__Required action__
Pictures don't belong in the copy; print all the records exactly.

(Stored items from a collection)
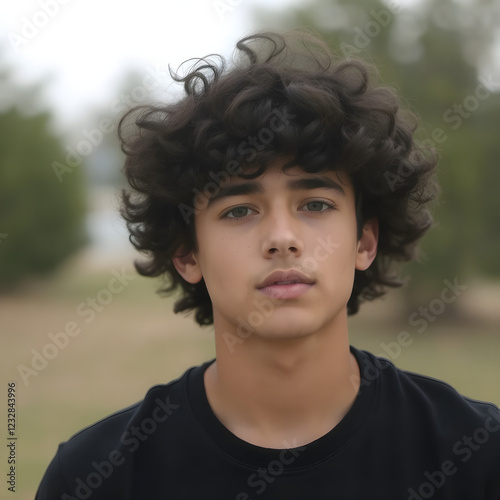 Un joven galante con rizos deslumbrantes y ojos llenos de misterio. photo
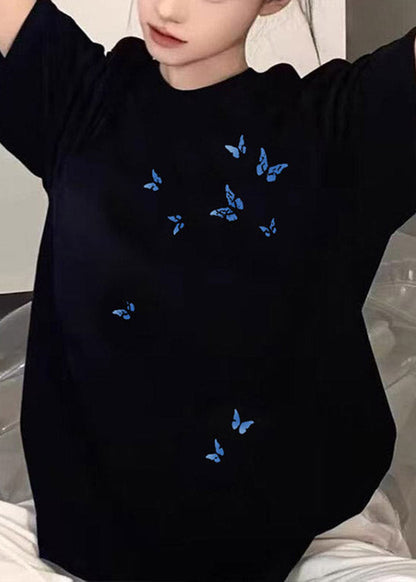 Black Butterfly Print T Shirt Summer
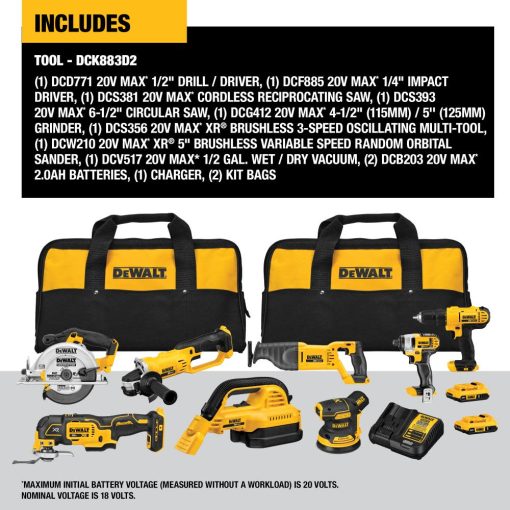 DEWALT 20V 8 Tool Combo Kit - Image 2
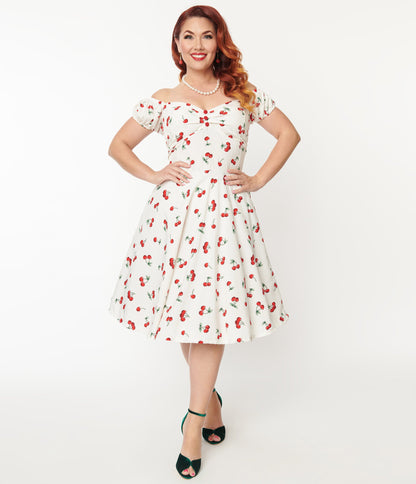 Plus Size White & Cherry Print Off The Shoulder Swing Dress - Unique Vintage - Womens, DRESSES, SWING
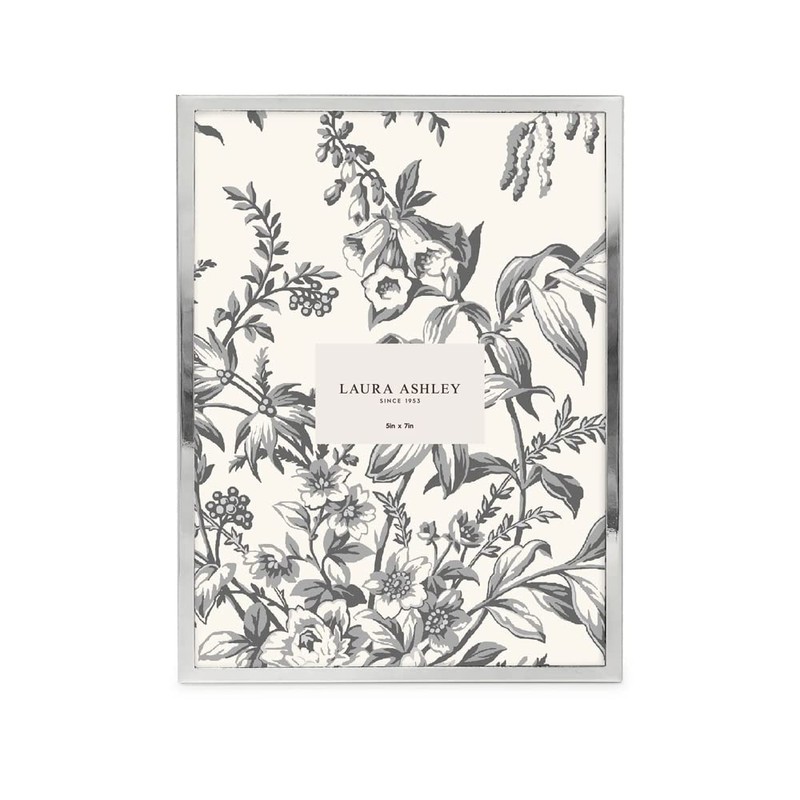 Laura Ashley 5x7 Silver Flat Metal Picture Frame (Vertical &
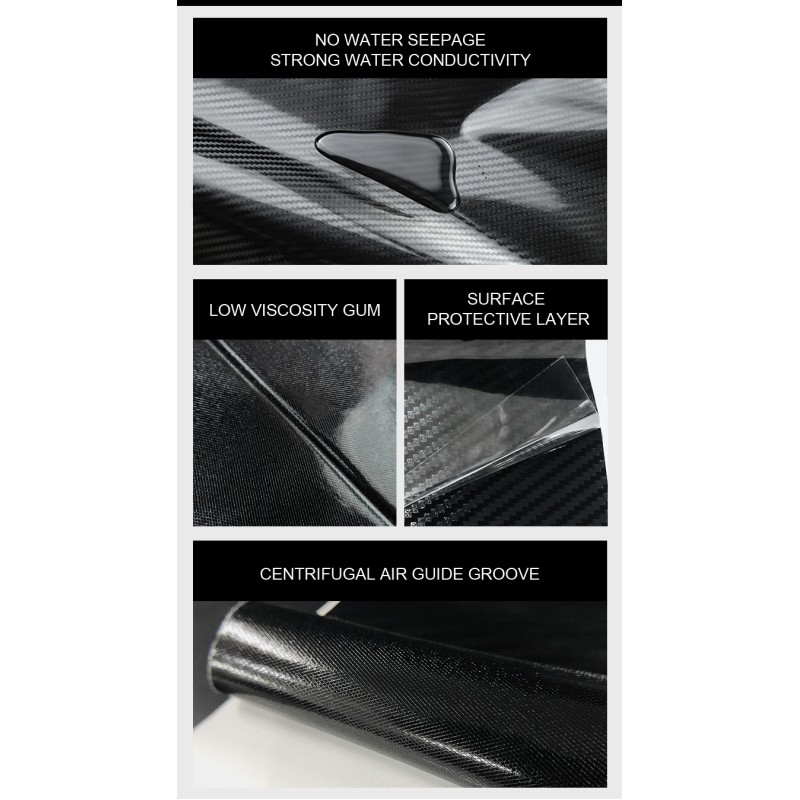 6D PPF Carbon Fiber Gold Surface Car Vinyl Wrapping Film 6.5mil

__Response area__
 Un joven galante con rizos deslumbrantes y ojos llenos de misterio. photo
 Black Butterfly Print T Shirt Summer
 DEWALT 20V 8 Tool Combo Kit - Image 2
 Plus Size White & Cherry Print Off The Shoulder Swing Dress - Unique Vintage - Womens, DRESSES, SWING
 Laura Ashley 5x7 Silver Flat Metal Picture Frame (Vertical &
 6D PPF Carbon Fiber Gold Surface Car Vinyl Wrapping Film 6.5mil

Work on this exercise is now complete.